Es war für uns selbstverständlich, dass man die Unterhaltung der Kreisstraßen nicht an der Einwohnerzahl festmacht, sondern an der Länge des Streckennetzes. Das ist eine Kausalität, die auf der Hand liegt; denn die Frage des Straßenverschleißes hat nicht in erster Linie damit zu tun, wie viele Personen entlang der Straße wohnen, sondern damit, wie viele darauf fahren.
Das ist überregionaler Verkehr. Daher bin ich froh, dass darüber nie Dissens bestand, sondern dass wir das sofort gemacht haben.
Man muss sich diese Position natürlich noch ansehen. Ich habe heute gehört, dass die Zahlen noch am Floaten sind. Es gibt dazu regelmäßig neue Berechnungen und Modelle.
Wir hatten erwartet, dass dieser Kompensationseffekt - - Wir haben quasi die besonderen Ergänzungszuweisungen gegen den Dünnbesiedelungsfaktor eingetauscht. Das halte ich von der Systematik her auch für wesentlich besser, weil es stärker der Idee der Aufgabenangemessenheit folgt. Allerdings ist es in den flächengroßen Altmarkkreisen, was den Dämpfungseffekt angeht, durch den Tausch seltsamerweise fast ein Nullsummenspiel
Ich komme aber noch zu einer anderen These. Ich habe eine gewisse Leidenschaft für Verkehrs- und Infrastrukturpolitik. Ich könnte mir auch gut vorstellen, dass dadurch, dass wir die 10 Millionen € aus den Schlüsselzuweisungen herausgelöst haben und die einfach durch 4 300 km geteilt haben, die 2 300 € pro Kilometer Kreisstraße den Zuschussbedarf nicht - ich sage einmal - in voller Höhe decken, sodass die Kompensation nicht hoch genug ausfällt.
Ich will auch sagen, woher ich das nehme. Ich habe im Vorfeld eine Reihe von Recherchen dazu angestellt, wie andere mit der Unterhaltung der Kreisstraßen umgehen. Es gibt momentan einen Referentenentwurf in Sachsen. Dort hat die Straßenbauverwaltung untersucht, wie hoch nach Abzug eigener Einnahmen - Kreisumlage usw. - der tatsächliche Zuschussbedarf ist. Dabei ist man auf den stattlichen Wert von 5 400 € pro Kilometer Kreisstraße gekommen.
Jetzt spekuliere ich einfach einmal und sage: Wenn wir im letzten Jahr 15 Millionen € mehr für ein Schlaglochprogramm brauchten, was im Wesentlichen in Kreisstraßen geflossen ist, und dazu die 9 Millionen € addieren, die drin waren, dann kommen wir auf den Betrag, den die Sachsen momentan dafür vorhalten. Das würde natürlich ein völlig anderes Gesamtbild ergeben.

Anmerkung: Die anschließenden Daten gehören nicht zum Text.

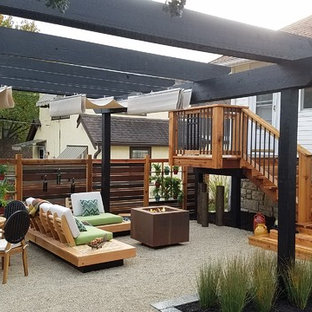 Foto di un piccolo patio o portico moderno dietro casa con graniglia di granito e una pergola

Aber da müssen wir uns die Zahlen, die - wie ich eben gehört habe - dynamisch sind, genau ansehen und müssen schauen, dass die Balance am Ende passt und dass wir tatsächlich Aufgabengröße und Mittelbereitstellung in Einklang bringen. Aber das ist, glaube ich, Feintuning, was man gemeinsam auch hinbekommt. Die Richtung stimmt auf jeden Fall; die finden wir gut.
Abschließend noch eine Anmerkung zur Investitionspauschale, bevor da andere wieder „hier“ rufen und sagen, dass es ihre Idee war. Investitionspauschale und Verstetigung von kommunalen Investitionen war für uns schon ein Thema in dem Reparaturgesetz 2012.
Nicht nur für uns, man muss fairerweise sagen: auch für unseren Koalitionspartner. Insofern fühlen wir uns durch das Gutachten von Professor Deubel in der Linie bestätigt. Er hat gesagt, dass kommunale Investitionen dauerhaft notwendig seien und dass die geplante Abschmelzung im Zusammenhang mit den rückläufigen Mitteln des Solidarpakts kein guter Plan sei.